Instructions for the task:
Instruction for the entries below: return the part that opens with the line containing "Dillahanty Ford is" and closes with the line containing "New Zealand publishes", exactly, and no pictures.

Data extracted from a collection
Content starts
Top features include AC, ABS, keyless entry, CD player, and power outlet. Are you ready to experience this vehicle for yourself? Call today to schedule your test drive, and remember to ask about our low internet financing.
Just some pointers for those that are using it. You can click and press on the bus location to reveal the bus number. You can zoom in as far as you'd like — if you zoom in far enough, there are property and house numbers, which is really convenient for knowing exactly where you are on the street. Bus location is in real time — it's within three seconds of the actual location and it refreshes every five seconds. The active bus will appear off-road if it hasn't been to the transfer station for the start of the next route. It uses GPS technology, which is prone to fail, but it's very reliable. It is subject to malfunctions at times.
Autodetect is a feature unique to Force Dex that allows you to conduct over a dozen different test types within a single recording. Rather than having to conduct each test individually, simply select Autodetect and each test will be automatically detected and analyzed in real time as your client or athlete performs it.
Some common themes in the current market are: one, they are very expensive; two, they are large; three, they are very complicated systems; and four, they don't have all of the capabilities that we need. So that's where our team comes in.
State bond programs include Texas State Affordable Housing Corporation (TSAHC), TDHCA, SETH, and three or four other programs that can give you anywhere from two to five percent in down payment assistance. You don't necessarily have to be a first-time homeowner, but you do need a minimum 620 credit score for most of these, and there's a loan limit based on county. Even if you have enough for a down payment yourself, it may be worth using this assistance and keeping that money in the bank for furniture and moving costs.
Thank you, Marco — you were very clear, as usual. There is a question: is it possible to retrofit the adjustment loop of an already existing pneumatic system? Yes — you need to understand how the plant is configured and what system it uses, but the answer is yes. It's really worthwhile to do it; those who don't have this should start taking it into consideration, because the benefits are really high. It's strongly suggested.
Content ends
Content starts
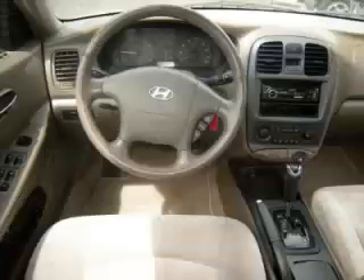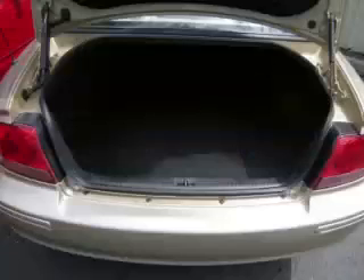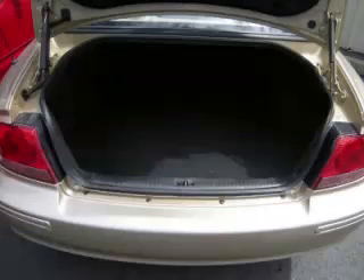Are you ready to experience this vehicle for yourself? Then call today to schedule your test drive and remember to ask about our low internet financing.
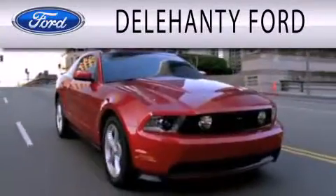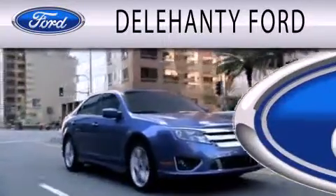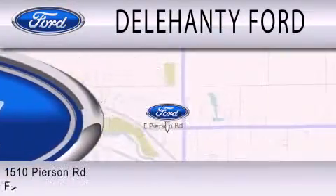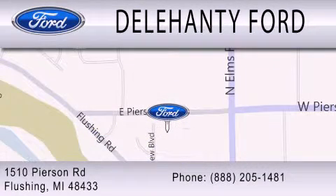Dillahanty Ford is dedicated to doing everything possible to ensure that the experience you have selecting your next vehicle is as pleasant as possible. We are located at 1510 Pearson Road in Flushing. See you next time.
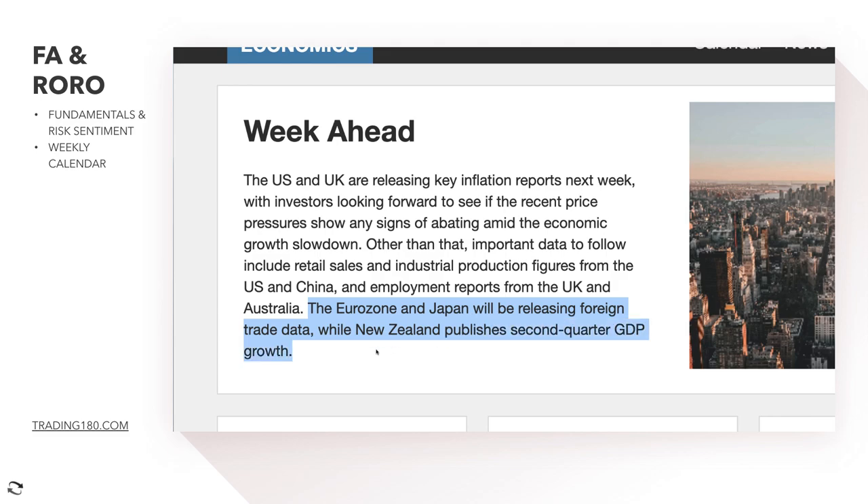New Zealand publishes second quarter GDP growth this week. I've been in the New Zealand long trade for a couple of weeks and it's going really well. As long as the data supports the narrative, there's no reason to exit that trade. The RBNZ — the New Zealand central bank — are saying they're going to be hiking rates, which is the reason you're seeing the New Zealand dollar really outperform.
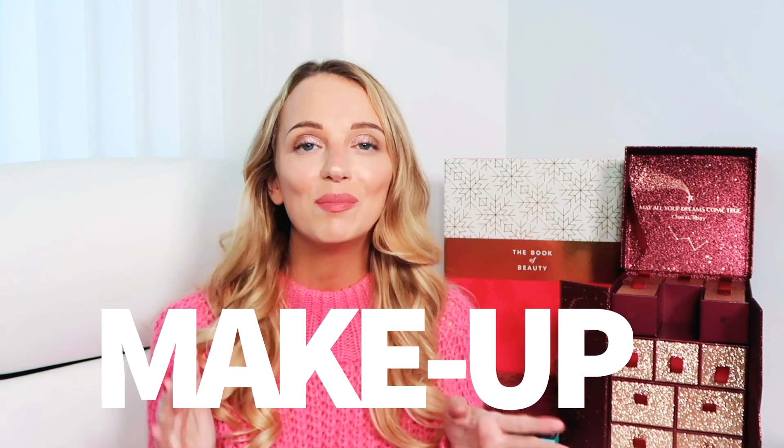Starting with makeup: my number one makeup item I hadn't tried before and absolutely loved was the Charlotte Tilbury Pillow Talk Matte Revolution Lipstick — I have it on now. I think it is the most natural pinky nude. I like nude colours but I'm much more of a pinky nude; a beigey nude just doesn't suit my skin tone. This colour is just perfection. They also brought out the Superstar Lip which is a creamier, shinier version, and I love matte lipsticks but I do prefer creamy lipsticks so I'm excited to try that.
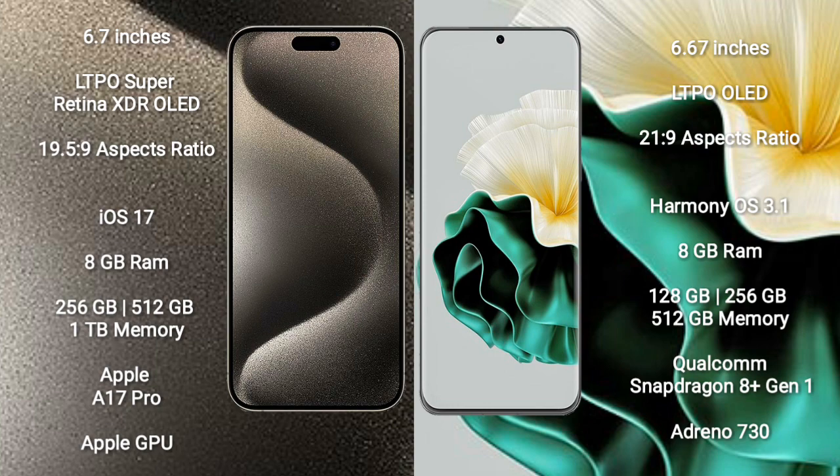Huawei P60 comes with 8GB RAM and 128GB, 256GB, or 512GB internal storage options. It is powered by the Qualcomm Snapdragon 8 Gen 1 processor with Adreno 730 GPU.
Content ends
Answer area:
Dillahanty Ford is dedicated to doing everything possible to ensure that the experience you have selecting your next vehicle is as pleasant as possible. We are located at 1510 Pearson Road in Flushing. See you next time.
New Zealand publishes second quarter GDP growth this week. I've been in the New Zealand long trade for a couple of weeks and it's going really well. As long as the data supports the narrative, there's no reason to exit that trade. The RBNZ — the New Zealand central bank — are saying they're going to be hiking rates, which is the reason you're seeing the New Zealand dollar really outperform.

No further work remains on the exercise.